What kind of crimper do you use there Mr. Rider? Should you tin the ends before crimping?

 

Could you tell us where to find sealing heat shrink. I'm uber-anal about wiring and that really appeals to that part of my brain!

 

Morning Pappy35

 

Personally I use an old 'Packard Electric' hand  crimper (probably had that thing for 35 years or more). This covers most of the normal sized splice clips & terminal ends for auto & motorcycle circuit wire sizes. I do have a couple of other (very similar) crimpers & larger crimpers  that have more crimp sizes on the jaws (for smaller wire sizes &  electronics size wires and  for larger higher amp circuit wire sizes) 

 

The crimpers must be sized correctly for the terminal or splice clip used  so it folds  the terminal edges in correctly & tightly. 

 

As for the sealing heat shrink, I will have to look at my supply to see if there are any with names etched on the tubing (my heat shrink is old stock as I have been using the same lots for many/many years now so can't even remember where I got it from.  

 

I have a bunch of different types with some having actual glue lining the inside (works good but is kind of bulky looking after shrinking) & the conventional thin type that is not  real good sealing as it just shrinks down to a thin rubber like coating, then I have the  stuff shown in the picture  that is a thicker wall with the inside forming a weather proof  sealing as it heats & shrinks tightly (it actually oozes a little sealer out each end when heat shrinking) .

 

I do not tin the wire ends before using splice clip as that would make the wire ends thicker so the splice clip would not have proper tension after soldering & melting the tinning.

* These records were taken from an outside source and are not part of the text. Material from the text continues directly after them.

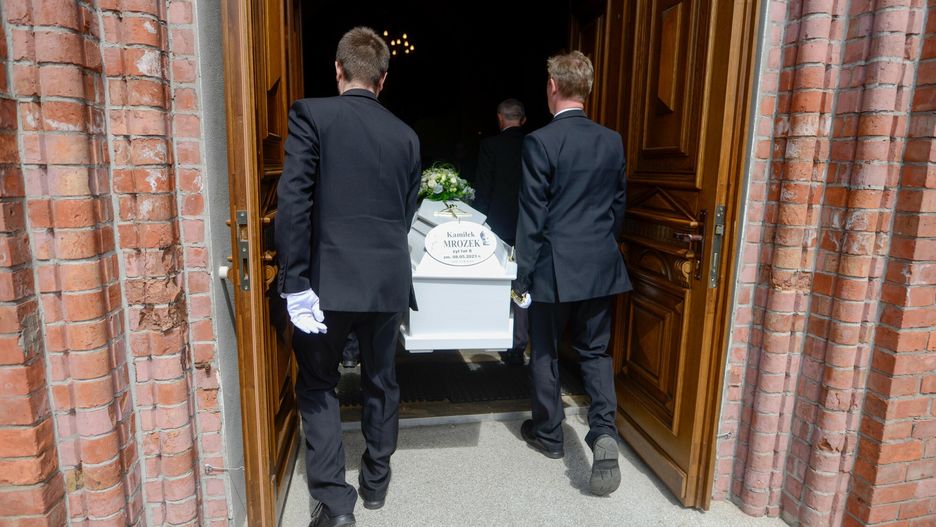 Pogrzeb 8-letniego Kamila z Cz?stochowy
13.05.2023 Czestochowa. Pogrzeb chlopca ? 8 letniego Kamila ? okrutnie skatowanego przez ojczyma Dawida B. na co pozwolila biologiczna matka chlopca Magdalena B. Chlopiec, procz licznych zlaman obu rak i nogi mial poparzone 25 proc. ciala w tym najdotkliwiej g?owe, twarz, klatke piersiowa. Fot. Tadeusz Wypych/REPORTER
Tadeusz Wypych/REPORTER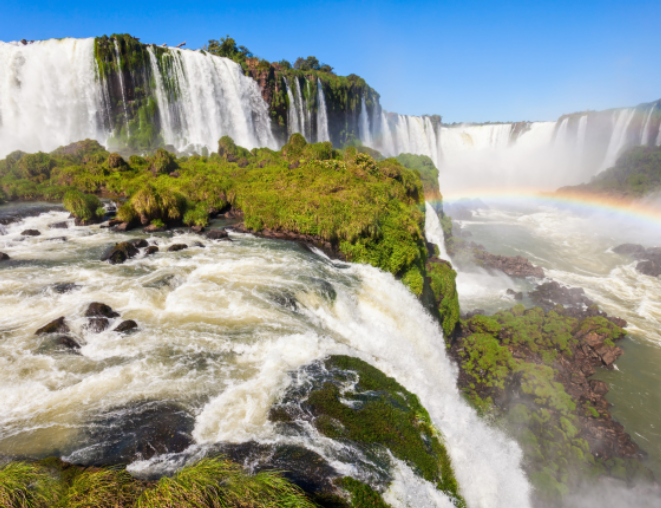 Cataratas de Foz do Iguaçu, uma das cidades do Interior do Paraná que terão o Festival Bom Gourmet 2026.
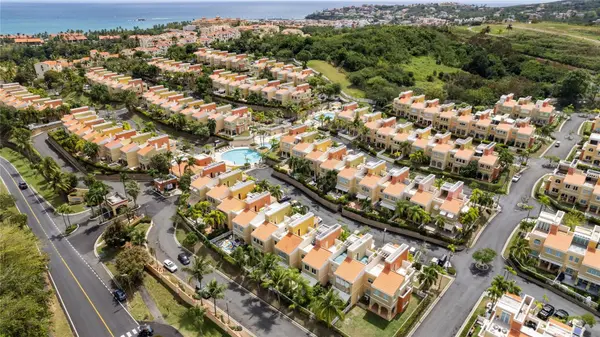 90 CANDELERO DRIVE #13, Humacao, PR 00791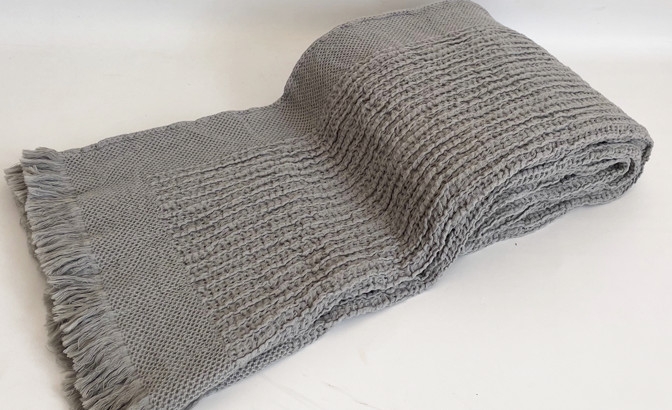 Couverture Fiora gris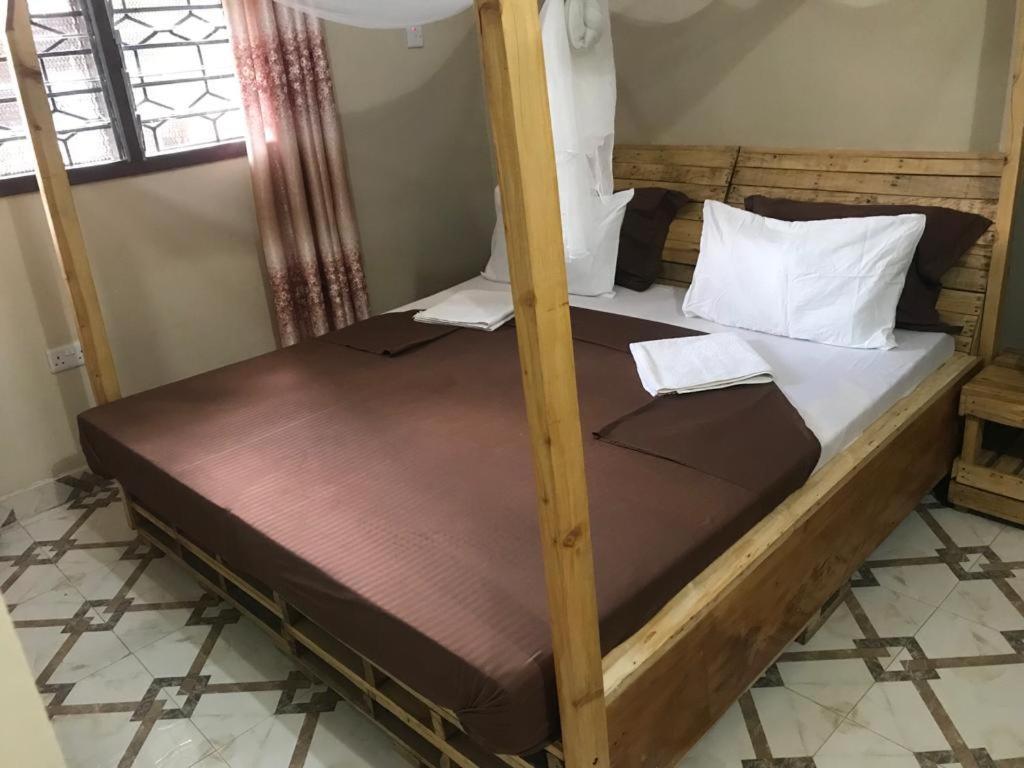L&J Modern Backpackers Kinondoni Dar es Salaam Exterior foto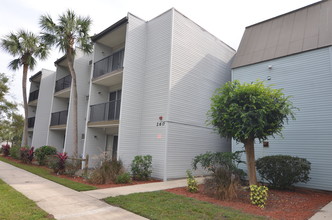 Hideaway Oaks Studios in Altamonte Springs, FL - Foto de edificio - Building Photo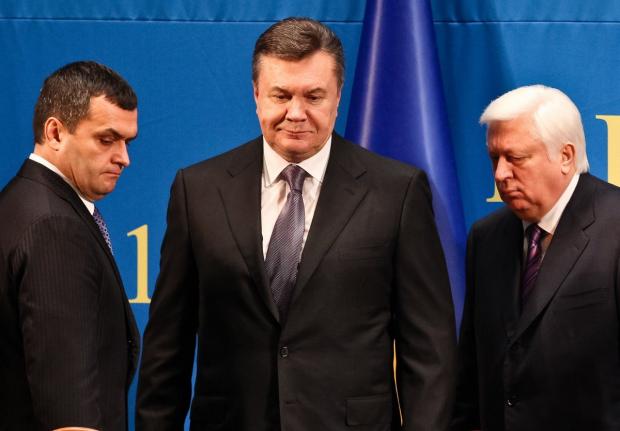 Янукович і його соратники. Фото:  УНІАН.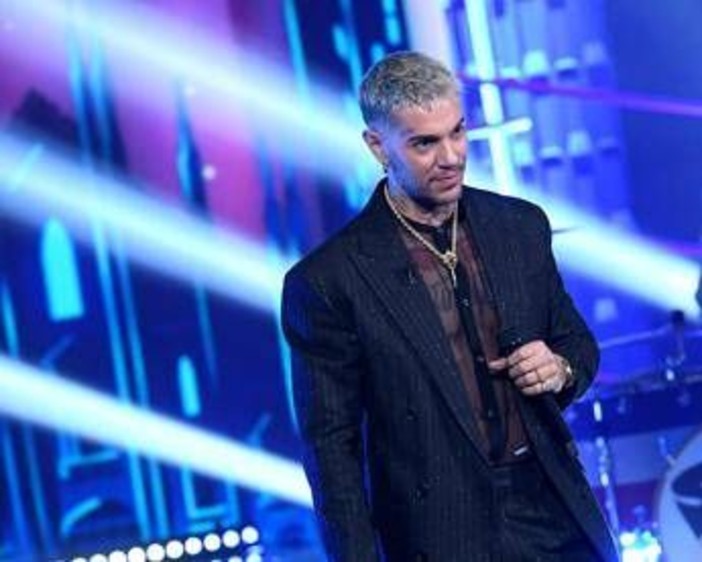 Emis Killa fa una donazione a una bimba malata ma è una truffa: "State attenti" Emis Killa fa una donazione a una bimba malata ma è una truffa: "State attenti"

It would also probably allow the solder to migrate farther into the wire runs (to prevent the spliced joint from breaking at the joint due to flexing the solder must not migrate out into the wire run). You want to ONLY solder the splice clip & inside it, NOT far out into the wire itself as that leaves a longer stiff section that doesn't flex properly.  

 

One thing of note here: on most automotive factory wire harnesses & even machine made experimental & one-off pre-production wire harness the terminals are NOT soldered (IF) the harness is machine made using a computer controlled crimping tension & crimp verification. If the splice slip or terminal end is machine crimped to EXACT specs then soldering is not needed. If done with hand crimpers the crimp tension is not precisely controlled, monitored, & recorded  so those are usually soldered.

 

Exception sometimes being any circuit wire that runs (directly)  back to a fueling computer or electronic module from a wet-sensor like coolant sensor or oil pressure sensor as just one solder joint in the wire run prevents the possibility of fluid wicking back up the wire strands & into the electronic device therefore killing it .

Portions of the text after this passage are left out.